Their first game without him was quite the litmus test as an unbeaten City made the short trip to Anfield. Guardiola’s side were 15 points clear after 22 games and superior to an almost laughable degree, dropping eight points in their previous 30 matches.

Yet Liverpool tore them asunder. Alex Oxlade-Chamberlain thumped them into the lead. Leroy Sane equalised. The two teams were level by the 58th minute and separated by three goals in the 68th as the runaway league leaders were pummelled into submission. Roberto Firmino, Sadio Mane and Mo Salah scored, Anfield roared and the Fab Four was a distant memory. The Reds knew they had the better of England’s flagbearers in an isolated match – their Champions League quarter-final later in the year proved that – so it was time to replicate that over an entire season.

 

Newcastle 2-3 Liverpool (4/5/19) This might well be the outlier. But without it, would the chain reaction of Premier League disappointment, Champions League glory and title immortality have occurred?

Perhaps. But there was something visceral, deeper than just three more points, in their win over Newcastle on the penultimate day of the 2018/19 season.

It came three days after their remarkable campaign promised to end without a trophy. Barcelona had beaten them 3-0 in the first leg of their Champions League semi-final at the Nou Camp and, try as they might, Liverpool simply could not catch City in the Premier League. They had kept the pace with seven straight wins to close the season but Guardiola’s side were refusing to surrender their slender advantage.

Liverpool had to beat Newcastle, who had inflicted upon City their most recent defeat in one of six wins in seven home games, to keep the race alive. They led twice, through Van Dijk and Salah, only for Christian Atsu and Salomon Rondon to equalise in the first and second halves.

With four minutes remaining, the Reds were out of ideas. The injured Firmino did not even make the squad and Salah had been stretchered off with a concussion. Time had finally caught up to them – until Origi found the winner.

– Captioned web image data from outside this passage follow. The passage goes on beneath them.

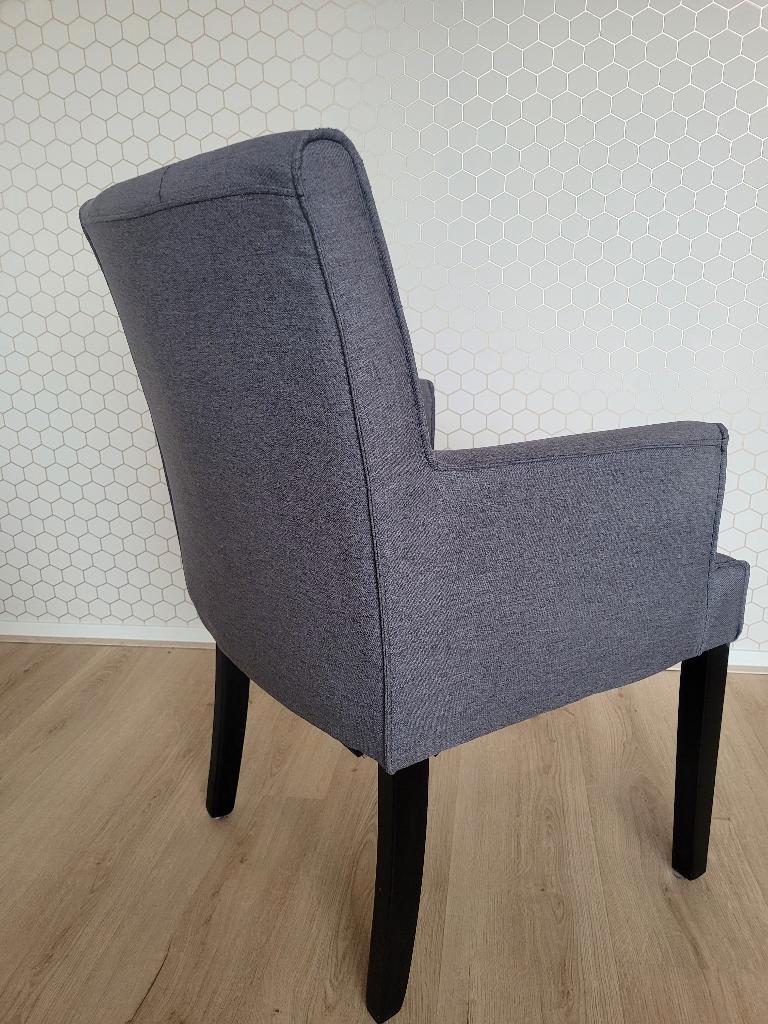 Eetkamerstoelen 4 stuks grijs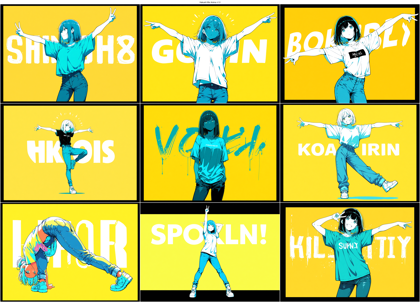 Hakushi Mix Anima v1.0 - 数色のみで描画された画像を生成するプロンプト、画像生成結果:画像5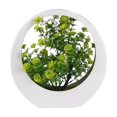 Ywbawe Faux Flower Arrangement Set, Artificial Plant Pot with Luminous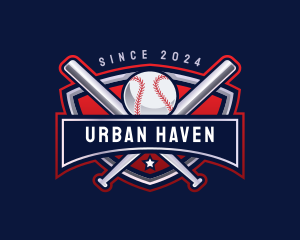 Baseball Sports League logo design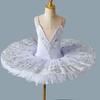 Girls' Ballet Dress Dance Performance Costume Competition Gauze Dress Suspender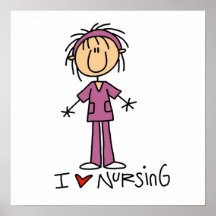 I Love Nursing T-shirts and Gifts Poster
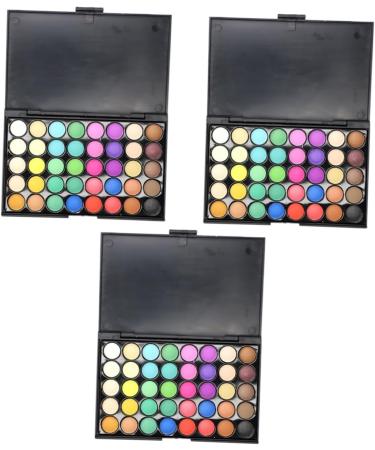 Angoily 3pcs 40 Eyeshadow Eye Shadow Palettes Makeup Palette Earth Tones - Buy Online on SooperMarket.com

It was superficially meaningless as City would thrash Brighton on the final day to defend their crown. But it was symbolic of Liverpool’s attitude and mentality and preserved the momentum that carried though long into this season.

“Two of the world’s best strikers are not available tomorrow night and we have to score four goals,” said Klopp after the game. “It doesn’t make life easier but we will try for 90 minutes to celebrate the Champions League campaign to give it a proper finish.” Without that Newcastle game, there might have been no European miracle and less of a collective, singular determination to end 30 years of hurt.

 

Leicester 0-4 Liverpool (26/12/19) When did it become truly apparent that this, finally, was unironically Liverpool’s year? With November’s 3-1 win over Manchester City? When a reserve team swept Everton to one side a month later? The 2-0 victory against Manchester United, perhaps, when even those most fearful of hoodoos and jinxes forgave themselves a moment of celebratory weakness?

No, nope and nein. The point of no return came on Boxing Day as fans were treated to a belated Christmas present at the King Power Stadium.

Liverpool had no right to be so imperious that evening. “We are all kinds of exhausted from a very intense game,” said Klopp in the build-up. “We play again in five days so it’s a tough period.” The Reds had just been crowned champions of the literal world with an extra-time win over Flamengo in Qatar but the biggest test yet of their title credentials was to come.

Leicester were second, ten points behind, and had scored one fewer goal than Liverpool while conceding as few almost halfway through the season. It was a meeting between the league’s joint-best defences but they were far from equal 90 minutes later.

Liverpool dismantled the Foxes with all the precision and none of the frustration of a father trying to reassemble IKEA furniture. Away from home against their nearest challengers, with three different scorers, four vastly contrasting goals, five days to prepare, six shots on target and none conceded, it remains their most complete performance of a title-winning season, if not Klopp’s reign as a whole.